It's the dreaded 'F' word all over again. Brendon McCullum spoke of match-fixing at the MCC Spirit of Cricket Cowdrey Lecture at Lord's earlier this week. The former New Zealand captain's scathing criticism of the manner in which the apex body handled the match fixing saga sent the International Cricket Council (ICC) into a tizzy, with its minders scurrying around with assurances and reassurances in a desperate attempt at damage control.
Spot-fixing and match-fixing are both blots on the fair name of cricket, and have been around for quite some time now. Old-timers speak in hushed tones of dark episodes during the 1970s and 1980s. But it was in the 90s and later that fixing reached stratospheric levels.
The surge in fixing during this period was traced to US finance regulators' lock-down of the Pakistan-based Bank of Credit and Commerce International, then the seventh largest private bank in the world with hundreds of branches across the globe. The bank, accused of money laundering and racketeering, went under and, with it, the entire life savings of many Pakistani cricketers was wiped out.
They had parked with the bank all the money earned from county cricket, winnings and incentives from the 1992 World Cup triumph and the never-ending stream of monetary gifts from Pakistani expatriates in the Gulf following Sharjah victories over India. Its collapse ruined them financially and drove them crazy before shady underworld characters latched on to the opportunity and coached them the ways and means of recouping the loss. Many Pakistani cricketers clutched onto the straws thrown to them and match-fixing thus became synonymous with Sharjah.
Later, as the fixers became bolder and greedier, Pakistani cricketers introduced them to their counterparts from India, South Africa, Australia, England, Sri Lanka and West Indies. The fact that more than 20 cricketers from these countries copped some ban or the other is proof of how widespread the rot ran.
Salim Malik, Mohammed Azharuddin and Hansie Cronje were three high-profile skippers of their national sides who were all banned. However, in 2012, the Andhra Pradesh High Court termed the life-time ban imposed upon Azhar by the BCCI as "unsustainable" and lifted it.
But what shook the cricketing world to its very core was Cronje's death in a plane crash in 2002. The former South African skipper was singing freely of the underworld and its connections with cricketers and his untimely death not only hit investigations but also made many wonder if the incident was not deliberately arranged by a spooked underworld.
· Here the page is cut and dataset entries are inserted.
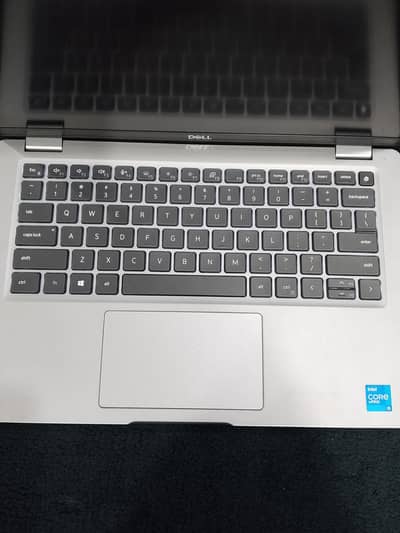 Dell latitude 5420 i5 11 generation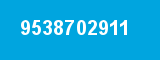 9538702911
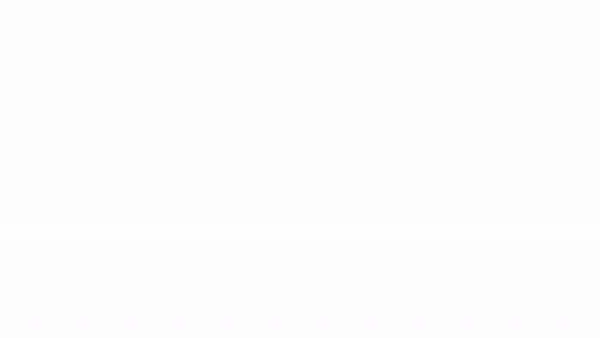 A Cat forecasting Weather Updates to me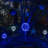 LED Lighted Window Décor-1802145696-1797116118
If Cronje's sudden death shocked the game's administrators, it was the death of Pakistan's coach Bob Woolmer during the 2007 World Cup in West Indies that truly sent alarm bells ringing across the sports world. The general opinion was that he was silenced by the underworld who feared that he had learnt more than a thing or two about their game and was about to blow the whistle. These two deaths underscored the fact that nobody was safe from the vengeful reach of the underworld.
So when McCullum lashed out at the ICC's lack of professionalism and failure to maintain confidentiality, the game's administrators must accept the criticism and work out ways and means to plug leaks and give whistle-blowers foolproof protection.
One has only to imagine McCullum's apprehension when his revelations about Chris Cairns' approach to tank a match on two occasions found its way into the Daily Mail the following day. McCullum was one of two players — the other being Lou Vincent — to testify against Cairns, whom he accused of approaching him twice to rig games in 2008 and telling him that "everyone else was doing it in world cricket".
On Monday, McCullum criticised what he described as "a very casual approach to gathering evidence" by the ICC investigator John Rhodes when taking down his initial statement, as highlighted by both the need for a second account of events two years later and a subsequently more thorough approach by the police. "I think players deserve better from ICC and that in future the evidence-gathering exercise has to be much more thorough, more professional," he had said.
He added that seeing his account at the hearing in the newspapers the next day caused him personal distress. "To report an approach and to give evidence requires considerable courage; players deserve much better. How can the game's governing body expect players to cooperate with it when it is then responsible for leaking confidential statements to the media?" he asked.
"It goes without saying that if players do not have confidence in the organisation, they will be reluctant to report approaches and the game is worse off. If we are to get rid of the scourge of match-fixing, a robust governing body is essential," McCullum said.
ICC's defence that the leak was not from its end notwithstanding, McCullum's critical observation of the entire handling of the Lou Vincent saga was also scathing. "If players provide the game with a rare and critical insight into the workings of this pernicious influence, then there must surely be something that can be done beyond giving them the maximum ban available," he said.
"I have no doubt that the ECB's severe punishment (a life ban following his confession) has robbed the game of a golden opportunity to have him provide education to players, something I feel could have made a difference in the future. Further, it ignored his extreme vulnerability in a callous way," he added.
That stinging last sentence itself is enough to discourage every potential whistle-blower. ICC and its affiliated units need to do better. The game demands no less.